A chip made by Taiwan Semiconductor Manufacturing Co (TSMC) was found on a Huawei Technologies Co artificial intelligence (AI) processor, indicating a possible breach of US export restrictions that have been in place since 2019 on sensitive tech to the Chinese firm and others. The incident has triggered significant concern in the IT industry, as it appears that proxy buyers are acting on behalf of restricted Chinese companies to bypass the US rules, which are intended to protect its national security.
Canada-based research firm TechInsights conducted a die analysis of the Huawei Ascend 910B AI Trainer, releasing its findings on Oct. 9. The device is considered to be the most advanced AI chip available from a Chinese firm. The TSMC chip was part of a multichip system, Reuters reported.
After being informed of the discovery, TSMC on Oct. 23 said that it had notified the governments in Taipei and Washington of the issue. Taiwan also has export controls to prevent advanced chips from being made in China.
TSMC said that it had stopped all shipments to Huawei as of Sept. 15, 2020, in compliance with US regulations.
Reports a few days later said that TSMC had halted shipments to Chinese chip designer Sophgo, with sources telling Reuters that Sophgo had ordered chips from TSMC that matched the one found on the Huawei device.
Sophgo has denied any wrongdoing in the case.
Sophgo was established in 2019 and is affiliated with Bitmain, a Chinese cryptoequipment company that has offices in Taiwan. Bitmain’s Taiwan operations were raided in 2021, with prosecutors accusing two Bitmain affiliates of illegally recruiting Taiwanese engineers, and illegally conducting research and development activities. Bitmain reportedly used to have a cooperative relationship with Huawei and once introduced a former Huawei executive to sit on Sophgo’s board.
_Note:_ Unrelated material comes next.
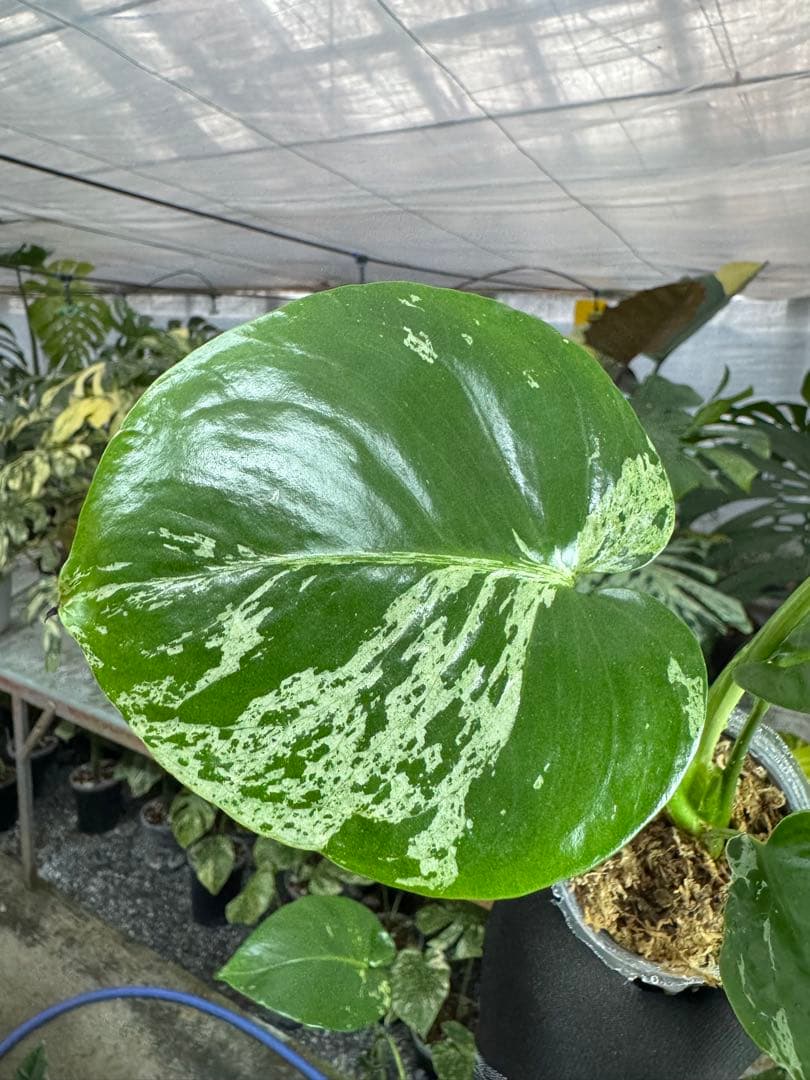 MB4 モンステラ デリシオーサ ベトシオーサ 2寸ポリポット ネコポス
Chinese IT firms have long been seeking ways to access advanced equipment and technologies from other countries. Reuters in August reported that Chinese state-linked entities had turned to Amazon.com Inc’s cloud service, among others, to access advanced US chips and AI capabilities that they could not acquire otherwise.
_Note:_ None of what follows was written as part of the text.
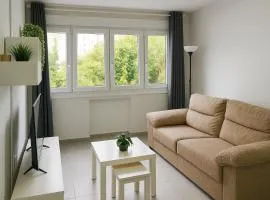 Viveiro MSuites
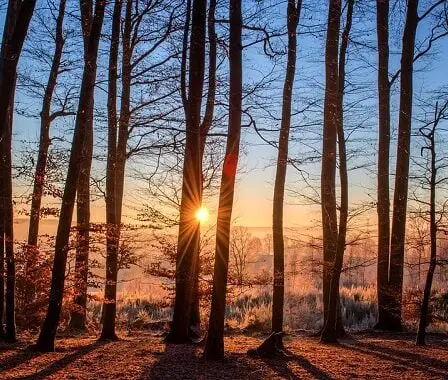 L'Allemagne, la Norvège et le Royaume-Uni appellent à plus d'ambition pour la protection mondiale des forêts 14 L'Allemagne, la Norvège et le Royaume-Uni appellent à plus d'ambition pour la protection mondiale des forêts - 13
While providing access to such chips or advanced AI models through the cloud is not a contravention of the US regulations, experts have warned that restricted items might be transferred by proxy buyers to China, which repackages them, disguising the components as Chinese-made. TSMC, as well as authorities in Taiwan and the US, must see the Ascend 910B incident as a warning about the reality of proxy buyers and the implications for national security. All three must carefully investigate how the TSMC chip ended up in Huawei’s possession.
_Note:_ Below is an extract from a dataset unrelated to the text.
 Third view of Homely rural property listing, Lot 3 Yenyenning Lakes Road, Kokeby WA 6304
TSMC founder Morris Chang (張忠謀) last month warned that the company is facing its most severe challenge, as “free trade of semiconductors has died.”
US Representative John Moolenaar, chairman of the House Select Committee on Strategic Competition between the US and the Chinese Communist Party, called the Huawei incident “a catastrophic failure” of US export control policies.
As a world-leading chipmaker with its hands full supplying international orders, TSMC would not want to risk its reputation and market access by flouting US regulations to sell chips to banned Chinese firms.
TSMC needs to enhance its mechanisms to spot suspect orders and monitor how its products are dispersed, especially as it builds more fabs outside Taiwan.
Meanwhile, the governments in Taipei and Washington, with TSMC’s cooperation, should fix policy loopholes to further safeguard the countries’ high-end technologies and industries.
Punishing the world’s No. 1 chipmaker would only weaken the IT capacity of democratic states while benefiting those of authoritarians.